• **What the task asks**: The copy must hold every line from the one with "Karuna Munde and Dhananjay Munde" through the end of the listing, word for word, and must hold no pictures.

• **Raw data**:
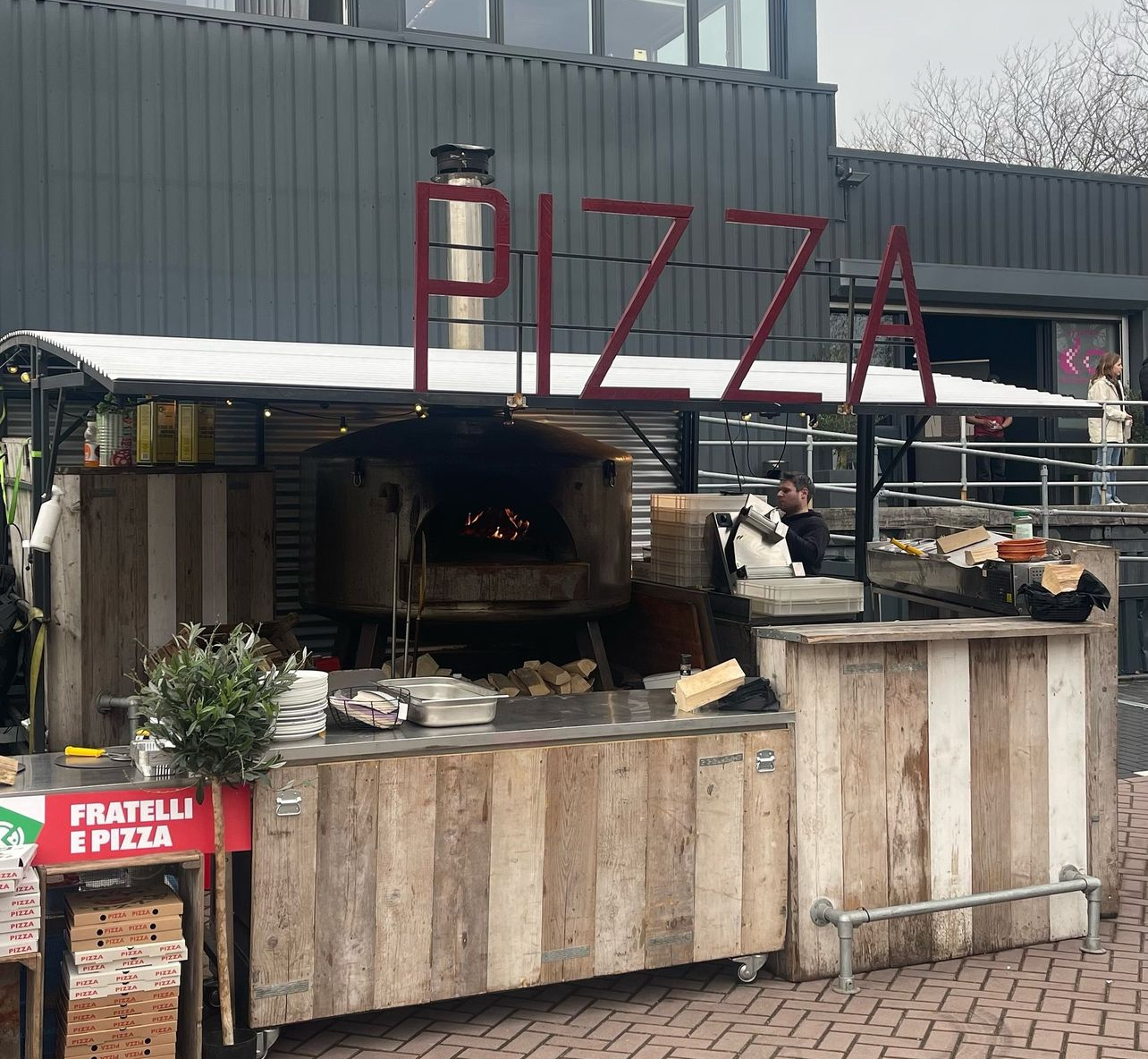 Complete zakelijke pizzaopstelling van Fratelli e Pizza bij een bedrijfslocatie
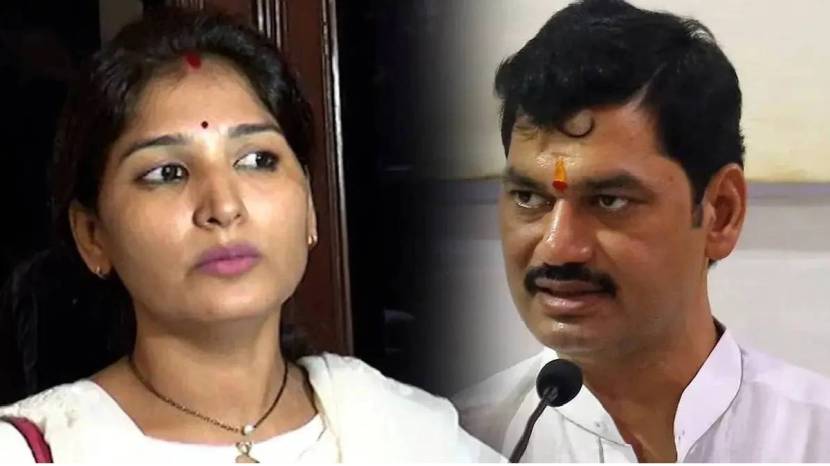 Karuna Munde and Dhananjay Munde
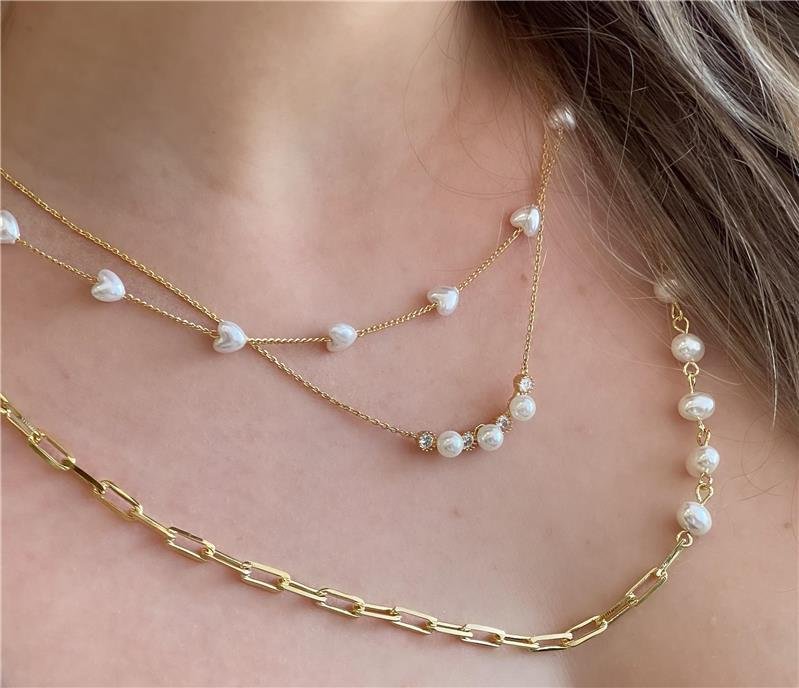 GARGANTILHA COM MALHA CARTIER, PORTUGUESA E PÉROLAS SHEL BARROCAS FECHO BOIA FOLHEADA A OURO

• **Output of the task**:
 Karuna Munde and Dhananjay Munde
 GARGANTILHA COM MALHA CARTIER, PORTUGUESA E PÉROLAS SHEL BARROCAS FECHO BOIA FOLHEADA A OURO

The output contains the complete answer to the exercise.